Every heartbeat becomes noticeable. Every twinge acquires an autobiography. Every tomorrow quietly ceases to be taken for granted.


Standing there before a sandwich counter, I suddenly realised that perhaps life itself resembles a Subway sandwich.

The bread is our foundation. Our upbringing. Our values. Our family. Our character.

Without a good foundation, everything else simply falls apart in your hands.

The fillings are the ambitions we spend our lives accumulating. Career. Relationships. Travel. Recognition. Books. Friendships. Photography. Success. Failures that later masquerade as wisdom.

Every one of us keeps asking for “just one more topping.”

Then come the sauces. Not what life gives us. But how we choose to respond.

Some season life with Honey Mustard. Others with Sweet Onion. Some prefer the gentle optimism of Mint Mayo. Others insist on living permanently in Red Chilli mode, convinced that perpetual outrage is a personality trait.

The sandwich changes not because the bread changes. It changes because of the attitude we pour over it.

And then, while we are happily constructing what we believe is the perfect life…

Nature quietly places a notice directly in front of us.

Glass is Fragile.

So is life.

Lean too heavily upon certainty. Pile too many expectations against it.

Mistake permanence for entitlement.

And one unexpected moment reminds us that everything we love is held together by remarkably delicate threads.

Marcus Aurelius once wrote,

“You could leave life right now. Let that determine what you do, say and think.”

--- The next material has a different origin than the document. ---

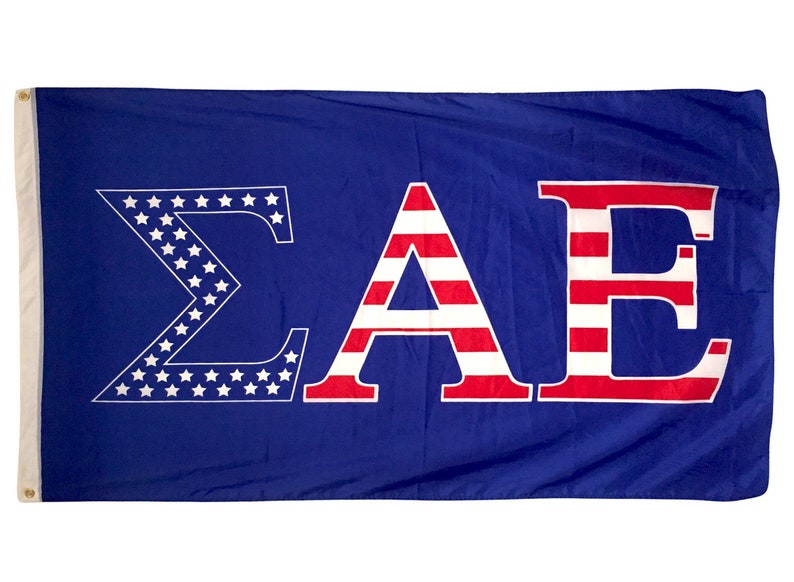 Sigma Alpha Epsilon USA Letter Fraternity Flag 3' x 5' Etsy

He probably wasn’t standing in a Subway queue contemplating double olives when he wrote those words.

But somehow, they fit perfectly.


Perhaps our greatest mistake is believing that happiness lies in constructing the perfect sandwich.

It doesn’t.

The perfect sandwich does not exist. Neither does the perfect life.

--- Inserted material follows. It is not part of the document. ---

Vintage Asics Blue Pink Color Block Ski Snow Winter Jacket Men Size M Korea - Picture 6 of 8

What matters is whether we enjoyed making it… Whether we shared it… Whether we appreciated it before it became another memory.

As we left the sandwich shop that night, my stomach was comfortably full.

My surgically renovated heart was behaving rather better than it had been a few months earlier.

My mind, however, had acquired several fresh questions.

Perhaps wisdom doesn’t always arrive dressed as a philosopher.

Sometimes it hides behind a fast-food counter.

Sometimes it is written on a piece of glass that thousands of people walk past every day without ever noticing.

“Glass is Fragile.”

Three ordinary words.

A safety instruction to most.

A sermon on life to one recovering heart.

And somehow, I suspect Nature knew exactly which of us was meant to read it.